New York: An injectable drug commonly used to treat Type 2 diabetes cannot improve the condition of patients with a high-risk of heart failure, a study has found.
Heart failure is a chronic condition in which the heart does not pump enough blood through the body.
The findings showed that despite improvements in blood sugar control, the use of the drug liraglutide did not improve the clinical stability or pumping action of the heart in patients with advanced heart failure.
“Abnormalities in the way the heart generates energy from fats and glucose, including resistance to the normal actions of insulin, have been shown to contribute to a patient’s risk of heart failure. But no current heart failure treatments target these metabolic derangements,” said lead researcher Kenneth B. Margulies, Professor at the University of Pennsylvania.

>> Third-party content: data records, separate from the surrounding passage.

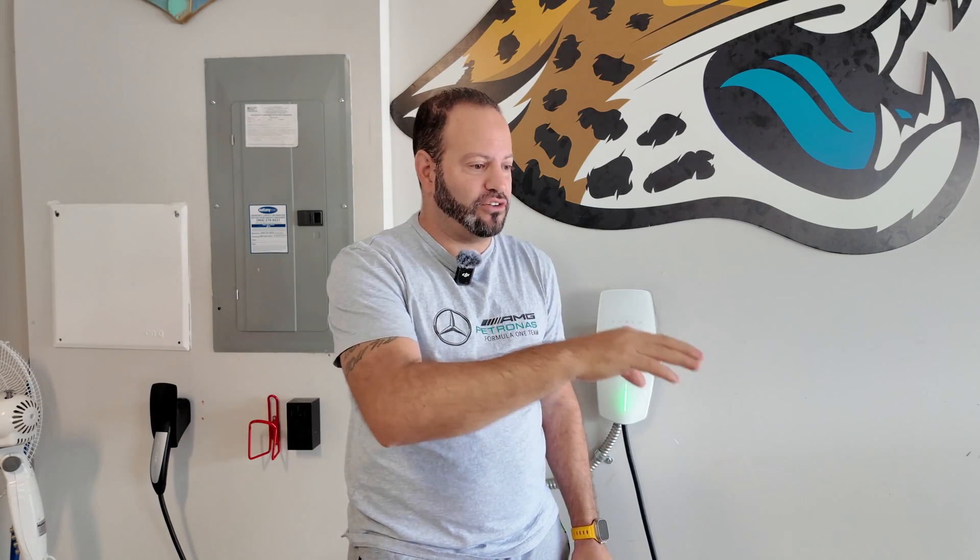One thing we didn't cover — because it's not a home charging solution — is the supercharger network. If you travel a lot, you'll probably be supercharging quite a bit. A V3 supercharger can output up to 250 kilowatts, and V4 supercharging is coming with the Cybertruck's charging architecture, which will be able to get up to 350 kilowatts. No home in modern times can take that load, but it's something to be aware of.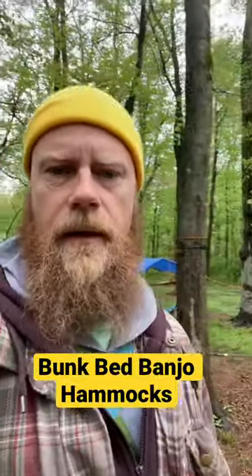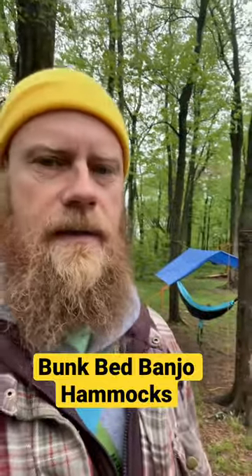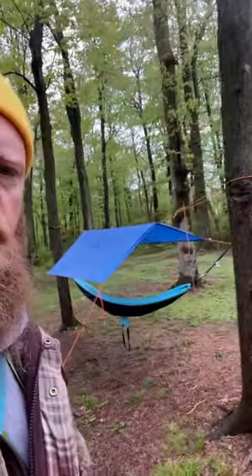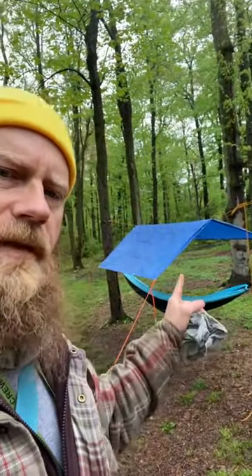Today we're gonna learn how to set up a hammock and how to stay dry while you sleep. The class is coming out in just a few minutes, so I've set up a little demo just so they can see an example of the A-frame.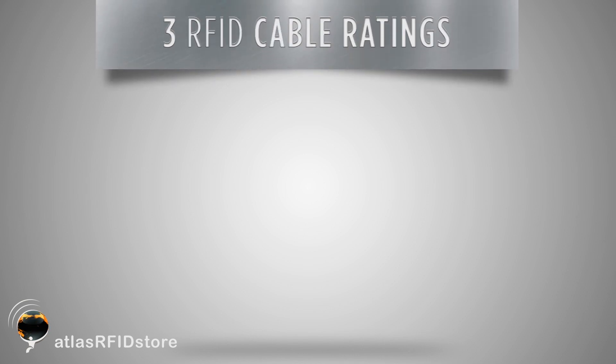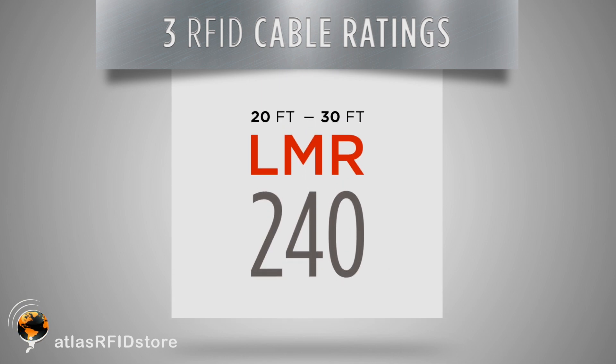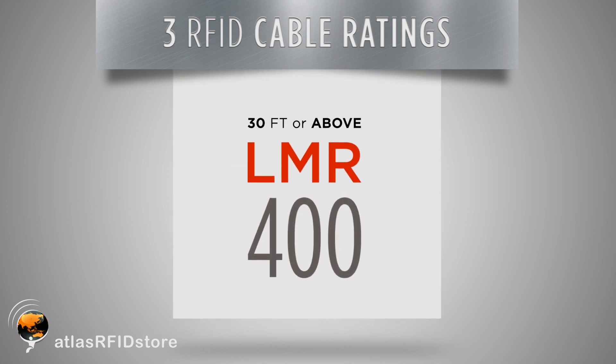There are three ratings that we typically recommend to our customers. For anything 20 feet or less, we recommend an LMR 195 rated cable. Anything between 20 and 30 feet, we recommend LMR 240 rated cable. And anything 30 feet or above, we typically recommend an LMR 400 rated cable.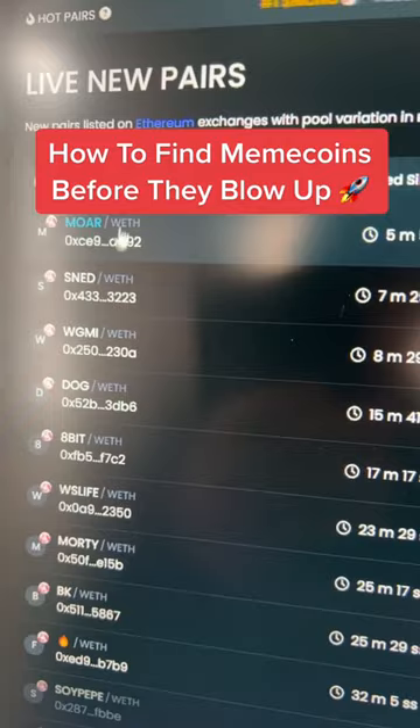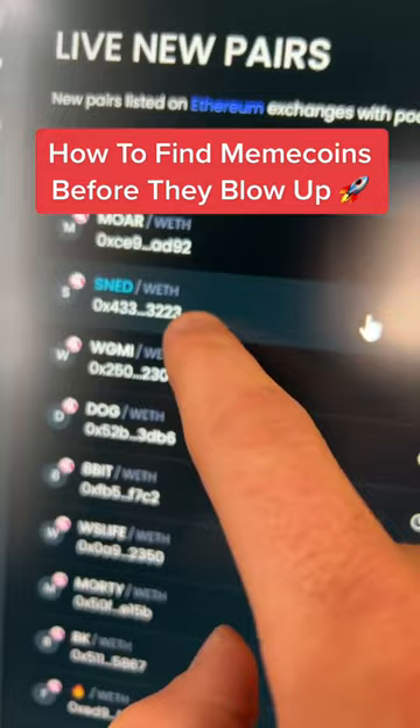So right here, this means More against Wrapped Ethereum, Sned against Wrapped Ethereum — so this means you need Wrapped Ethereum to buy this token. It even shows you which exchange. That little unicorn icon means that this is on Uniswap. Now here in the Live New Pairs is where you're going to find all the rug pulls and all the scams, so be very careful.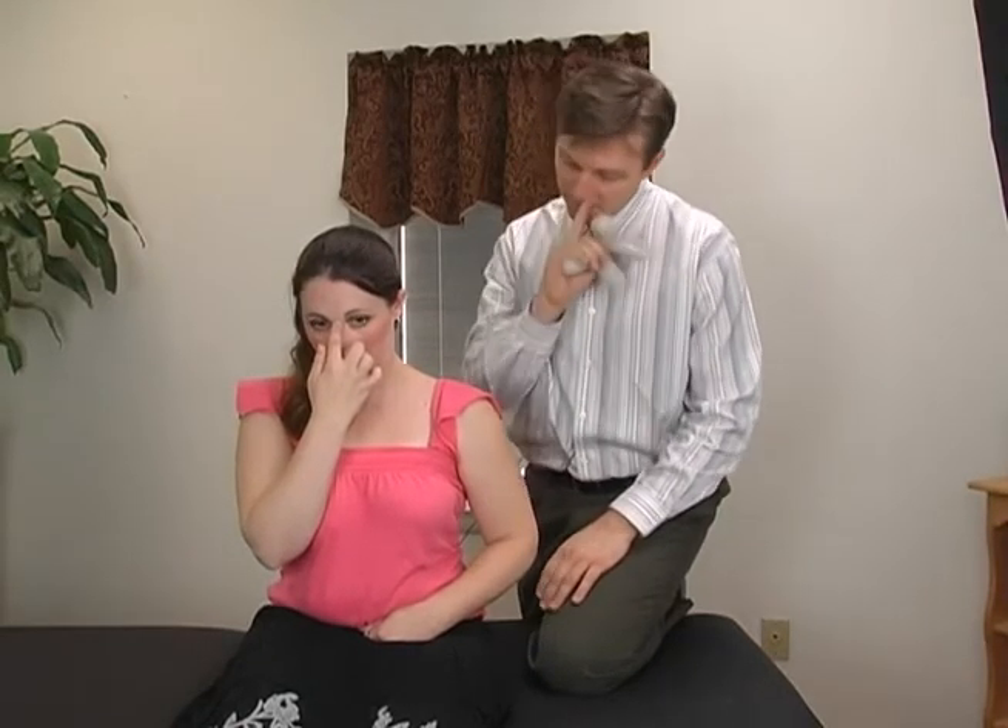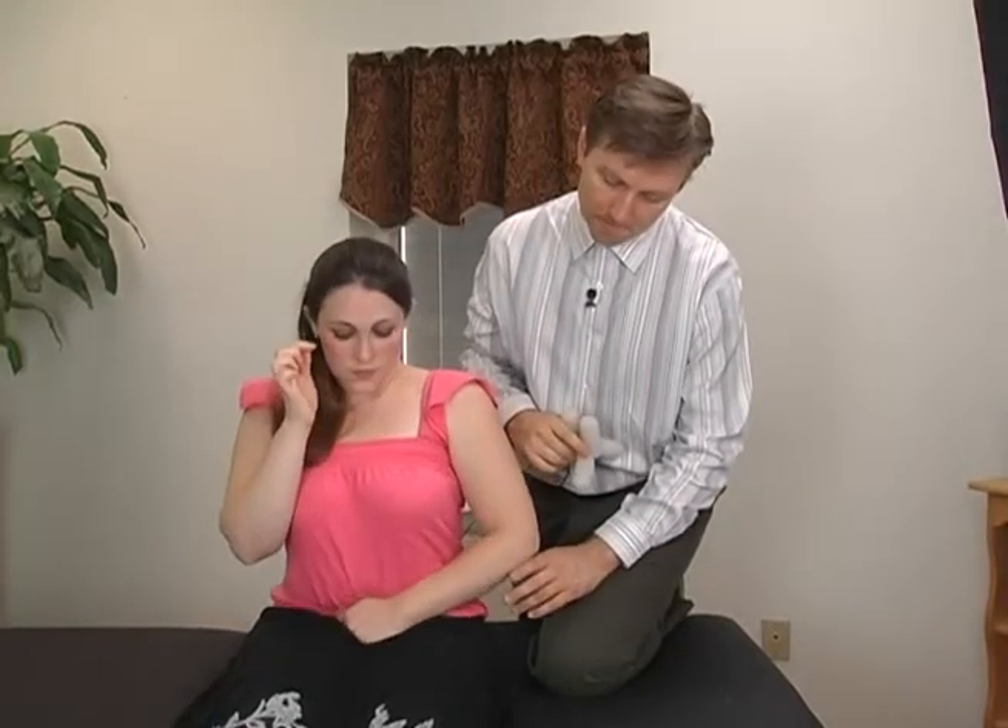Now we're going to do one last thing. Hold this on the uterus and then touch that point — we're going to do this one 20 times as well. She will find that her menstrual cycle is just going to be better the next time she has it. I normally do this procedure any time the person has any problem related to the female cycle. And that's how you would do that procedure.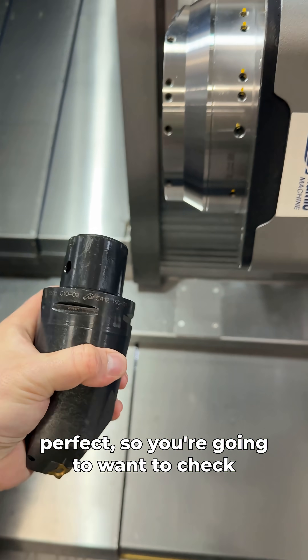Now we can take our measurements. To my surprise, the first cut actually came out almost perfect. Next up: the J2 orientation.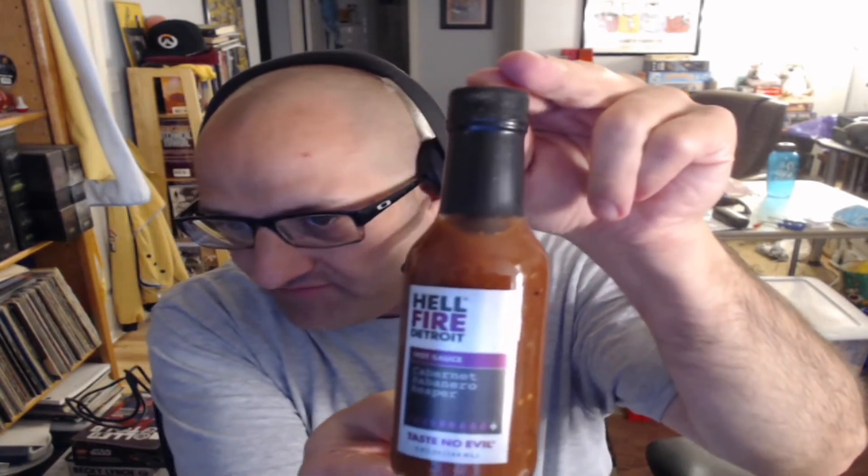Here's the bottle for the Hellfire Detroit. Ingredients are: Cabernet Sauvignon wine, fire-roasted red bell pepper, fire-roasted habanero, red wine vinegar, water, tomato paste, olives, onion, non-pareil capers, garlic, sea salt, Carolina Reaper peppers, olive oil, naturally occurring citric acid, and may contain sulfites.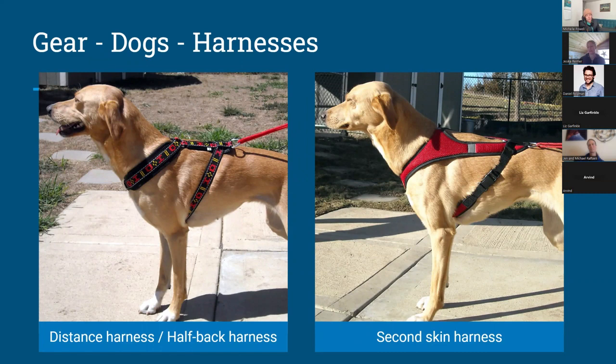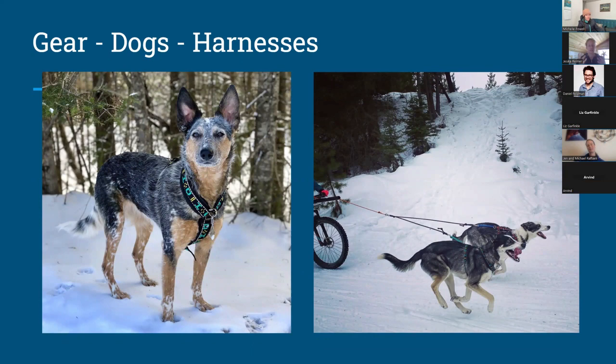The second type I want to talk about is the halfback harness. The distance harness and the second skin harness both stop around the dog's midpoint on their back. One advantage is that it transfers a little less power from dog to human, which can be nice on skis if you have a really strong, fast dog. These harnesses typically have just one buckle on the side, making them easier to fit for stouter dogs like heelers and Aussies.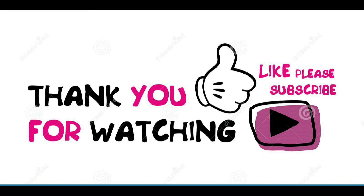Thanks for watching, and subscribe for more. If you find this video useful, please like and share it with your friends, and if you have any questions, leave a comment and we'll respond.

The results indicate that while liraglutide acted as intended, controlling blood sugar and promoting weight loss in diabetic participants, there was not a significant impact on heart failure.
“Liraglutide had no effect on blood sugar or weight loss among the non-diabetic patients in the study,” Margulies added in the work published in the Journal of the American Medical Association (JAMA).
One-third of patients with heart failure also have diabetes, and other treatments to lower blood sugar in diabetics have increased the risk of heart failure, Margulies noted, adding that it remains important to establish the safety of any diabetes therapy in patients with heart failure.
Additional studies will ultimately determine whether GLP-agonists, like liraglutide, can be used safely among patients with various stages of heart failure, the researchers revealed.
For the study, the team randomised 300 diabetic and non-diabetic participants with high-risk heart failure – those who had been hospitalised for heart failure within the past two weeks — into two groups: those to receive daily liraglutide injections and those receiving daily placebo injections.
During the six-month study period, measurements of heart structure and function with echocardiography, serial assessments of subjects’ activity tolerance with six-minute walk tests, and quality of life questionnaires did not reveal any significant favourable or unfavourable effects of liraglutide in these patients.